- [BRIEF]:
Nothing in the listing should be altered when it is copied, and no picture goes into the copy.

- [DATA EXTRACT]:
____

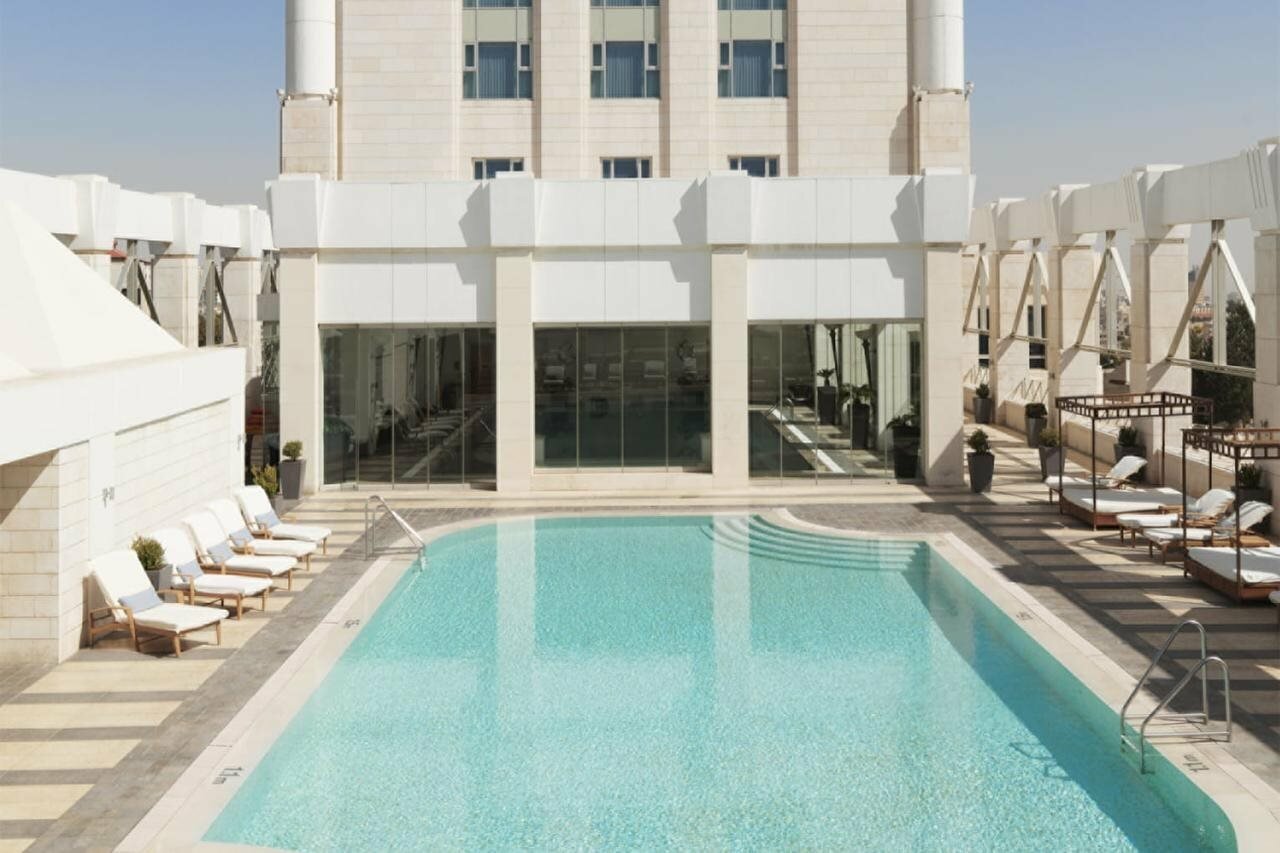 Фото Four Seasons Hotel Amman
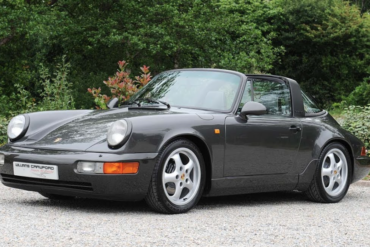 Porsche 911 Carrera 4 Targa (1991) – Specifications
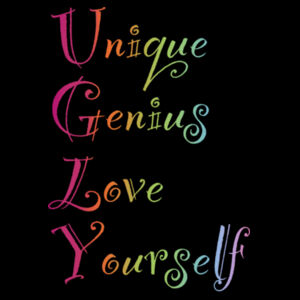 Unique - AS Colour Womens Mali Tee Design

____

- [EXPECTED ANSWER]:
 Фото Four Seasons Hotel Amman
 Porsche 911 Carrera 4 Targa (1991) – Specifications
 Unique - AS Colour Womens Mali Tee Design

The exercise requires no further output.